October 26, 2022 3 min read

Preparing for a furry new member of the family is exciting and overwhelming. There’s a never-ending whirlwind of things to do, things to buy, things to learn and names to think up. To help take some of the pressure off, we’ve composed a list of things to do to prepare for your new puppy to help you both with this transition.

Choose a Vet

Like finding a pediatrician when you have a kid, the first thing you should do when adopting a new dog is find a reliable veterinarian. If you are new to the area and don’t know where to start, try using social media.   Your breeder or adoption center might also have a list of referrals.

Local Facebook groups are a great place to start making connections. Alternatively, you might try asking on a community board such as Nextdoor. We suggest asking on multiple sites. The more you ask, the more suggestions and options you’ll have.

If you hear a few names repeatedly, it’s time to do some research. Start with google and yelp reviews to narrow down your top candidates. Once you’ve established those, investigate their websites to see the services provided and pricing. If you can’t find pricing online, try calling and asking for the prices of a few essential services you’ll be needing. Get a base price to see the doctor or get vaccinations.

Learn Training Basics

A well-trained dog is a happy dog. Your dog is eager to please; you also want a dog that listens when you need it to, so learningtraining basics is a must. First and foremost, whenever you are training a dog, remember that the two most important things you can be are positive and consistent.

Your dog doesn’t like getting yelled at, and you don’t like yelling at them. What’s more, dogs don’t have the cognitive capability to understand what you’re ranting about beyond knowing they’ve upset you. Furthermore, how can you expect your dog to be fully attentive and enthusiastic about training if they’re anxious about upsetting you?

Second, you must be consistent. Like humans, it takes dogs time and effort to build or change a habit. If you allow too much time to lapse between sessions, your dog’s retention of that knowledge will drop, and you’ll start from square one all over again.

Grab the Essentials

One of the many similarities between preparing for a puppy and a baby is the never-ending list of things you need to buy to entertain, feed, and otherwise keep them alive. A few things you might want to check off before bringing your pup home include:

  • Treats
  • Food
  • Bowls
  • Adjustable harness and collar
  • Leash
  • Toys
  • Bed
  • Play Pen

While this certainly isn’t an exhaustive list, it will at least get you through the first few days.

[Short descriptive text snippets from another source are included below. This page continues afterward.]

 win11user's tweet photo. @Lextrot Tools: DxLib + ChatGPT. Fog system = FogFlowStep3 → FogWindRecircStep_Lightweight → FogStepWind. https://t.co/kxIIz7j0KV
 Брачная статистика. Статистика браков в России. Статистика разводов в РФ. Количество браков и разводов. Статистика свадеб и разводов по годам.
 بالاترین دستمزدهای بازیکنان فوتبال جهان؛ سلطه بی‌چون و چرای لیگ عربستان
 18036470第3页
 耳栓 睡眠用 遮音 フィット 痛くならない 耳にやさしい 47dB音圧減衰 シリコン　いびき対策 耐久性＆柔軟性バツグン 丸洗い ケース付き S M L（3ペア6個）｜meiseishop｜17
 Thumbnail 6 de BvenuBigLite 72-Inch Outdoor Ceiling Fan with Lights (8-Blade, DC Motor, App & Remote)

You may also consider buying poop bags for your walks and anenzymatic cleaner for the inevitable accidents.

Puppy Proof Your Home

Yet another similarity between young dogs and young humans: filling your home with anti-invasion methods against their endless onslaught of energy. To puppy-proof your home, start with the obvious, like closing off areas you don’t want your dog to have access to with baby gates. 

If you’re having trouble thinking of the trouble a puppy could get into, get down on your hands and knees and crawl around. Look at your home from their perspective, and you might be surprised by what seems enticing from below. 

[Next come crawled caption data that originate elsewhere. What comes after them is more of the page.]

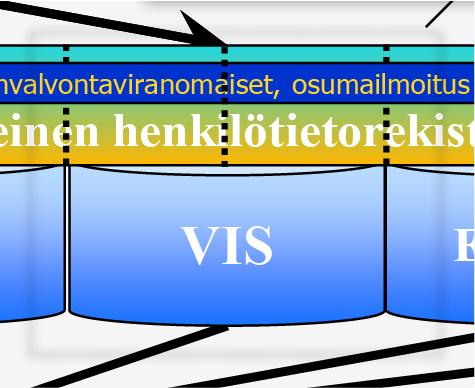 zoom Yhteinen henkilötietorekisteri Lyhytaikaisiin viisumeihin liittyvät henkilöllisyydet Pitkäaikaisiin viisumeihin & oleskelulupiin liittyvät henkilöllisyydet Eurooppalainen hakuportaali VIS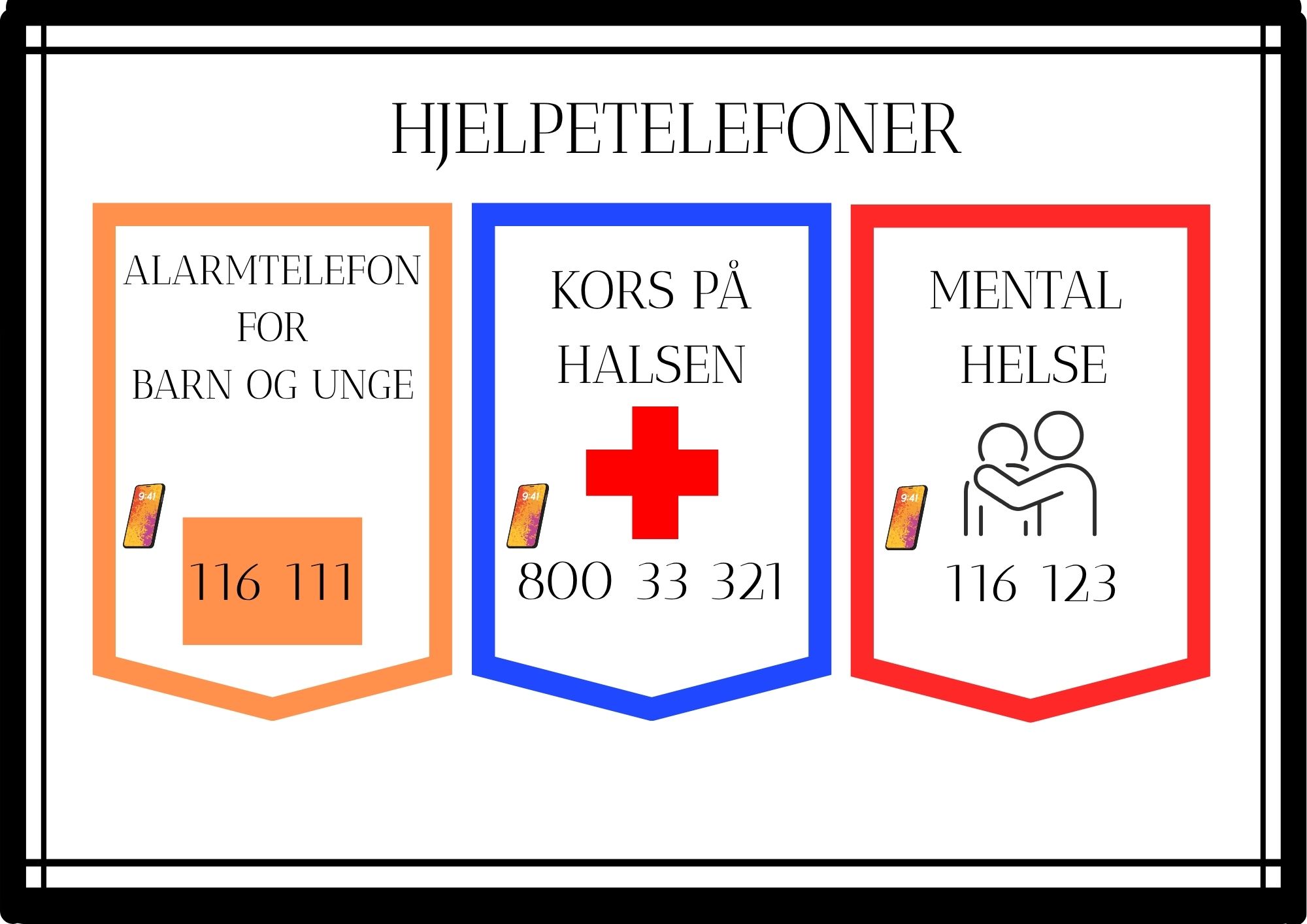 Plakater med nødnummer og hjelpetelefoner - Bilde 4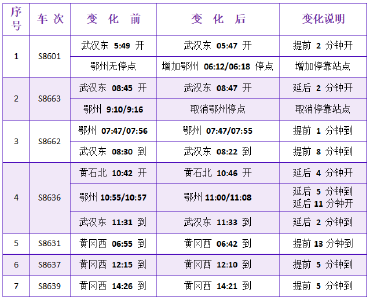 “新城快线”列车时刻表调整公告（2025年9月15日起执行）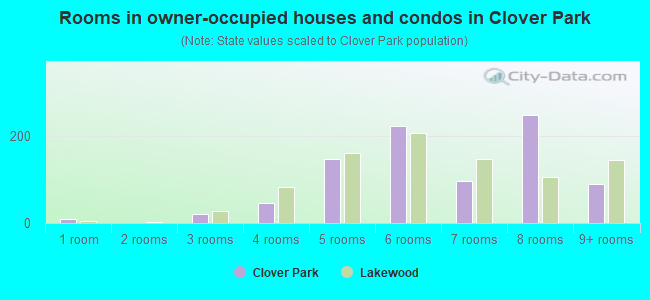 Rooms in owner-occupied houses and condos in Clover Park
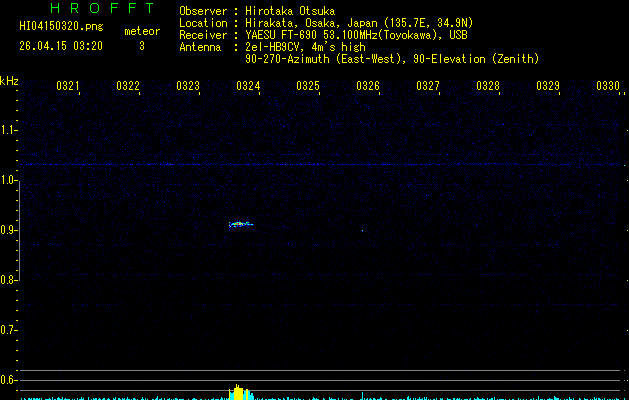 HI04150320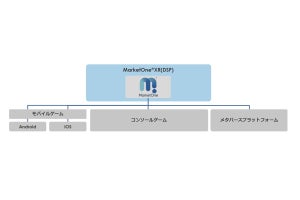 DAC、メタバース空間におけるプログラマティック広告配信サービスを提供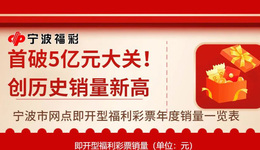 首破5亿元大关，创历史销量新高，宁波市福彩网点即开型彩票再传年度销量喜讯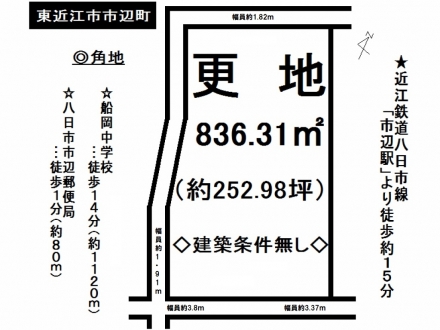 土地 - 滋賀県東近江市市辺町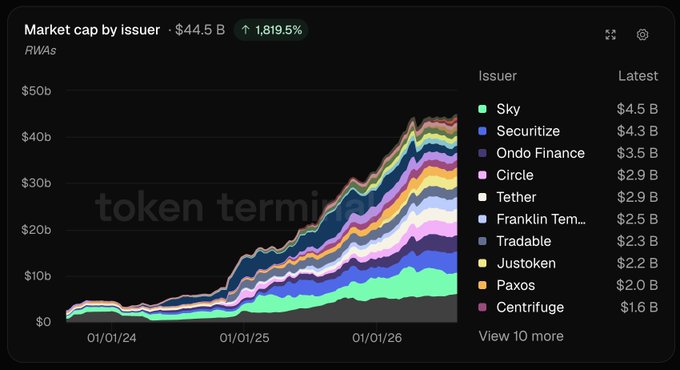 A stacked area chart titled 'Market cap by issuer · $44.5 B (+1,819.5%)' showing RWA tokenization growth from 01/01/24 to 01/01/26, with issuers listed including Sky ($4.5B), Securitize ($4.3B), Ondo Finance ($3.5B), Circle, and Tether.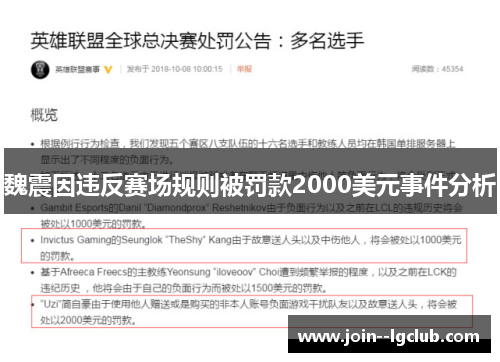 魏震因违反赛场规则被罚款2000美元事件分析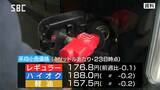 長野県内ガソリン価格 前週よりわずかに値下がり 値下がりは2週連続|TBS NEWS DIG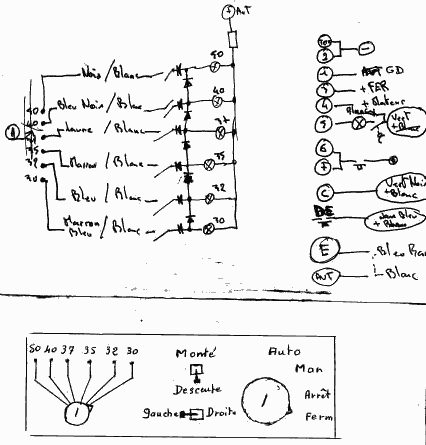 plan 2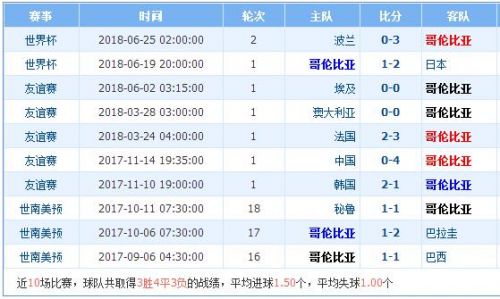2018世界杯塞內加爾vs哥倫比亞誰會贏 塞內加爾vs哥倫比亞比分預測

Remove any objects you don’t want damaged or potential hazards. If the item can’t be removed, try hitting it with somenon-toxic bitter spray to keep curious mouths off.

Set Up a Confinement Area

Use the playpen to set up a confined, safe space for your puppy to rest or when you can't supervise. If the idea of cooping your pup up breaks your heart, don’t worry! Dogs seek den areas by instinct for comfort and safety, so it's just as good for them as having a quick break is for you.

Don’t make the confinement area too big. Just enough room for a BrilliantPad, a bed, water, and a bit of space for a toy if you have it. You want to keep this area nice and cozy both because it’s a den and because it will help start your pup's potty training process.

Dogs will instinctively keep the areas they eat and sleep clean, so they avoid using them to relieve themselves when possible. Your newborn puppy will require a bit of grace as he gains control of his bladder.

With your help, your pup will learn potty training and much more. There’s a whole world for you to show them. Go forth and conquer it together.